Lors de la séance d'information sur l'opération de Gâre au Parlement, le ministre de l'Intérieur Süleyman Soylu a nié les allégations selon lesquelles le gouvernement n'avait pas contacté les familles des 13 personnes pendant cinq ou six ans et a accusé l'opposition dans son discours, qu’il a débuté avec des anecdotes sur les funérailles afin de susciter l’émotion. Il a ouvertement attaqué les députés du HDP et l'Association des droits de l'homme à cause de leurs déclarations.

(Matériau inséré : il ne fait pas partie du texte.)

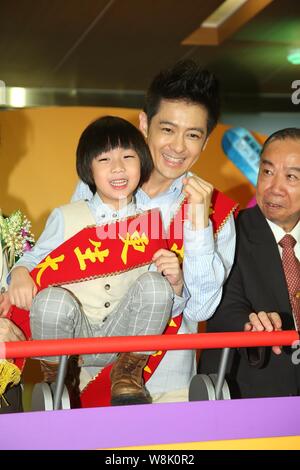 Taiwanesische Sängerin, Schauspielerin und Racer Jimmy Lin, Mitte, und sein Sohn Kimi, Front, stellen während einer Veranstaltung für die 70-Jahr-Feier der Taiwa Stockfoto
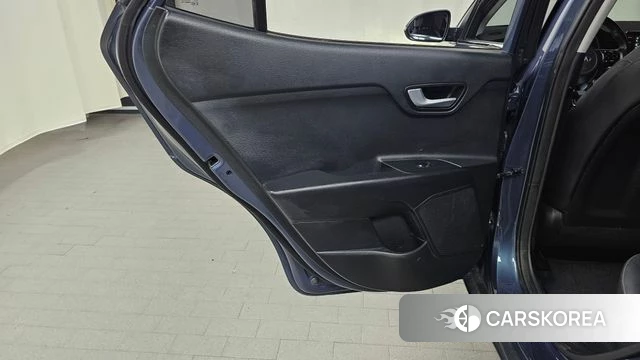 Kia Stonic id 4794758 из Кореи 17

Afin de cacher son échec, le gouvernement s'est rapidement lancé dans une opération beaucoup plus agressive contre l'opposition, notamment envers le mouvement kurde. Presque tous les matins commencent par ds informations d'arrestations lors de perquisitions à domicile de militantEs de gauche ou du mouvement kurde. Depuis quelques années, les médias rendaient compte d’enlèvements de gülenistes [courant politico-religieux accusé d’avoir fomenté un putsch contre Erdogan — NDLR], mais récemment, ces types d'enlèvements ont commencé à cibler aussi la gauche et les militants kurdes. Un jeune militant de gauche a été kidnappé à Istanbul le 20 janvier et lorsqu'il a été libéré six jours plus tard, il a expliqué que ses ravisseurs l'avaient torturé pendant six jours. On ne sait pas si ces ravisseurs étaient des policiers ou des militants d'une sorte de groupe paramilitaire d'extrême droite ou un mélange des deux. Quelques jours plus tard, trois étudiants ont été enlevés par la police à Ankara et relâchés après plusieurs heures.

Agitation nationaliste

Alors que l'objectif principal de ces pressions est d'effrayer la gauche et de la paralyser, dans le même temps, le gouvernement tente de consolider et de mobiliser davantage sa base avec une agitation nationaliste et des réunions bondées en dépit de l’épidémie. Alors que l’économie du pays était déjà en crise avant même la pandémie, maintenant avec les pertes d’emplois créées par la crise, la situation est devenue désastreuse. Les prix des denrées alimentaires augmentent de façon exponentielle, et le gouvernement tente de remplir les estomacs vides de la classe ouvrière avec… une agitation de plus en plus nationaliste.

Erdoğan, en revanche, est conscient qu'il n'a pas un soutien de la population aussi fort que par le passé, et il veut remplacer le soutien populaire perdu par le contrôle de la rue, grâce à sa coalition avec le parti d'extrême droite MHP. Il est ainsi permis au chef d’un cercle mafieux-fasciste récemment libéré de prison de menacer ouvertement des politiciens, des journalistes et des militants. Parfois ces menaces se sont concrétisées. Ces derniers mois, plusieurs attaques violentes ont été lancées contre des politiciens de l'opposition, de gauche comme de droite. Tous ces cas ont été classés, au cours des enquêtes, comme « réactions de citoyens en colère ».